So I said to Allie, “Yes, but she really is cute.”

And he turned to me even while he was driving with a look I can only call avid, and said, “Isn't she??!! Isn't she!!”

So, you have to be careful and just talk subjectively about your near and dear, because objectivity is really impossible. (But, really, isn't Lola wonderful, really???)

I remember our sitting out on our neighbor's steps when she was two and singing “I hear music and there's no one there!” And then we watched the Youtube of Call Me Madame, which I actually hadn't realized it came from. And later on we heard it somewhere and Lola said, “Baba! That's our song!” It's those afternoons of sitting and walking and listening to the birds and telling some stories about the Pied Piper of Hamlin, and the story about how Lola was born (“Baba, tell Felix about the day I was born!”) that sit in the back of memory for a very long time and make life a good thing.

So, yesterday was Father's Day. I don't make a big deal about it, because my policy is not to have expectations, and anything that comes up is a plus, and there are no minuses. We came home from The Vault, our usual Sunday breakfast, and as usual Lola was with us, Grandma and Baba, for the morning. This day we sat at home comfortably and I put on some shows for her and I worked on my computer putting together a list of opening and closing tasks for a family member visiting our vacation house. It was quiet and nice.

But something was happening that I wasn't aware of. And then, all of a sudden, Lola came in and said, “Baba, come here.” What was up? I hadn't noticed anything, I was typing. But first, she took me to the little sunroom we have, where I have sometimes sat with her and read her some stories, and where we sometimes have played board games (every play Trivial Pursuit with a four year old?) on the floor. There by the chair she had a brie sandwich she had helped make, with lettuce and whole wheat bread, and for some reason, since I was wearing my sneakers, she had my shoes up there on the little table by the chair. Couldn't figure that out. It was only 11:30, but I guess I could be ready for lunch. I can pretty much always be ready for lunch.

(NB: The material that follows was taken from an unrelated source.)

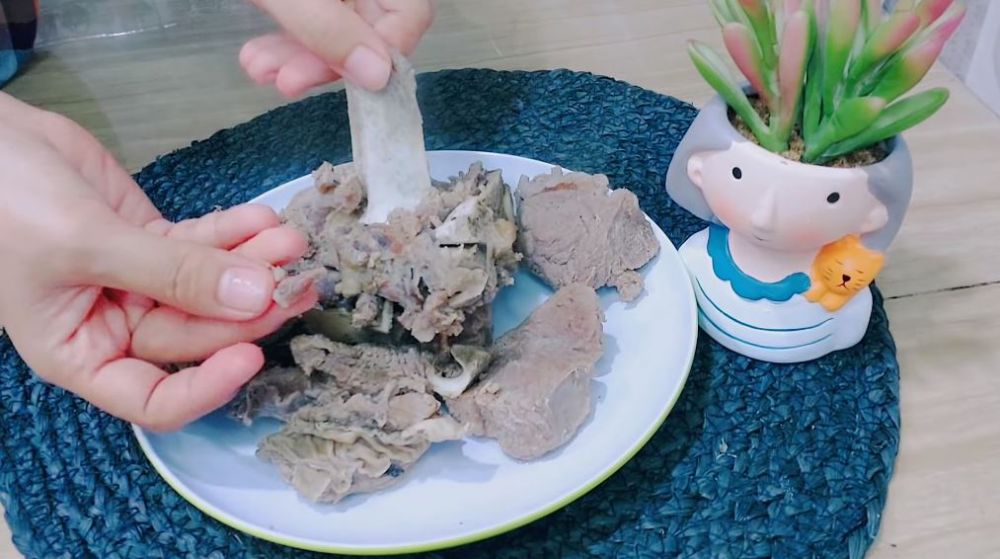 Cara merebus iga sapi agar cepat empuk dalam 12 menit tanpa presto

Then she said, “Baba! Come on!”

She had taken her favorite blanket that she wraps herself in on the couch when she is watching Paw Patrol, and she had put it over the transom of the sun room exit to the garden. It's white and pink, but it was pretty clearly a red carpet.

So we walked over the transom to the outside and she had some stuff laid out. Over to the side where “our turtle” is, a one foot ceramic turtle she and I had bought at Orchard Garden Supply, and which now forms part of our “turtle collection,” she had put a bottle of Pellegrino water. She loves “bubbly water,” and we drink a lot of it. It's a treat. An unopened bottle, sitting there by the turtle in the garden.

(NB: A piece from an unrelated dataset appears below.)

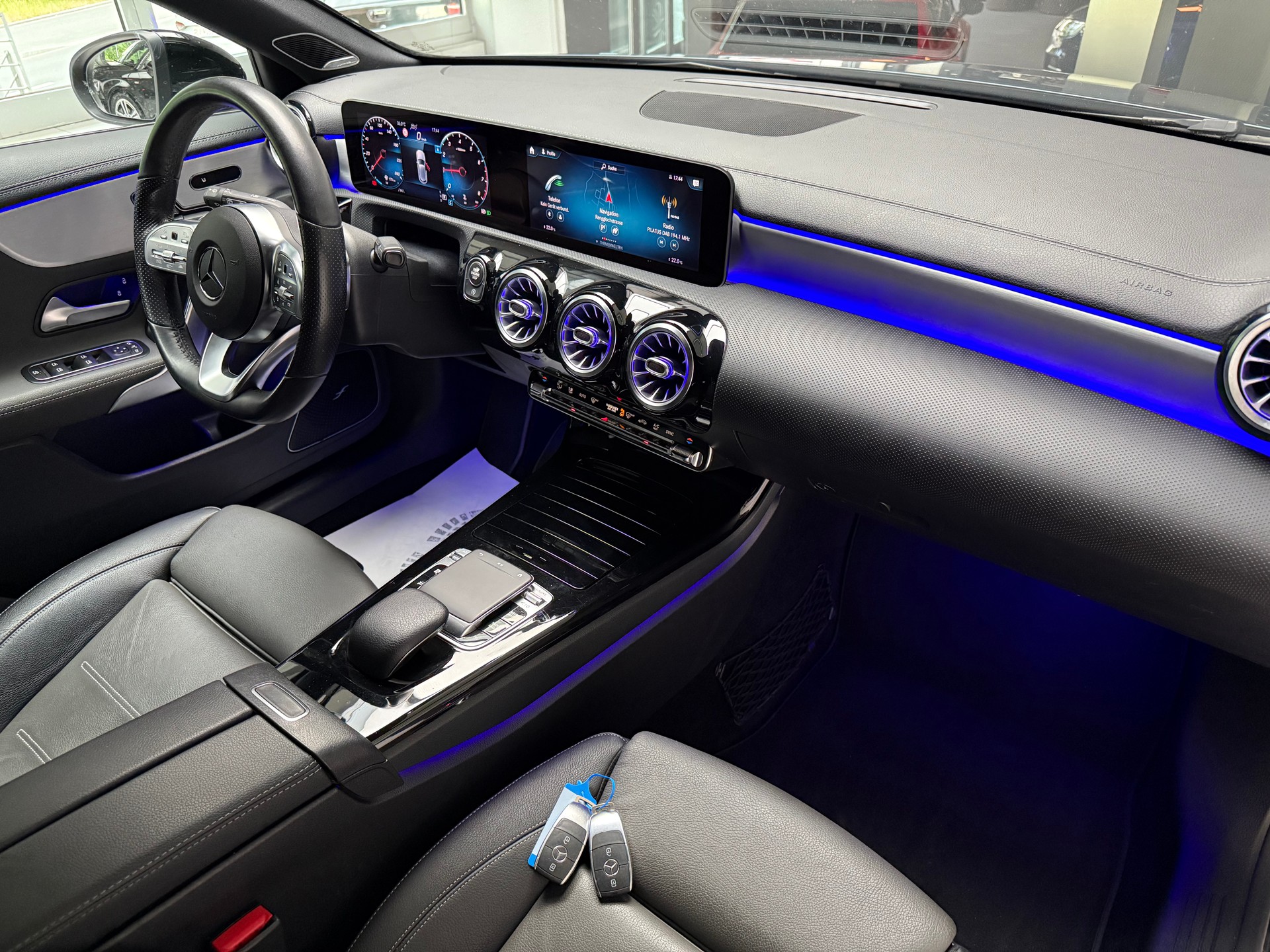 MERCEDES-BENZ A 250 4Matic AMG Line 4Matic 7G-DCT-image-8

And then over in the corner of the garden near the gate she had put my Warriors' cap. My Warriors' cap, after we had been to the Championship Parade on Sunday with her new dad Eric, and with Peter.

And back in the house she had a grapefruit for me that she had picked off our grapefruit tree.  On Friday we had picked one off the tree and each of us tasted it -- I liked it, she didn't, but she saw that I did.

What was all this about? It turned out that on Saturday she had been to her school friend Leo's birthday party – about eight boys and two girls, one of which was Lola – and they had had a treasure hunt, her first. So this was her treasure hunt for Baba.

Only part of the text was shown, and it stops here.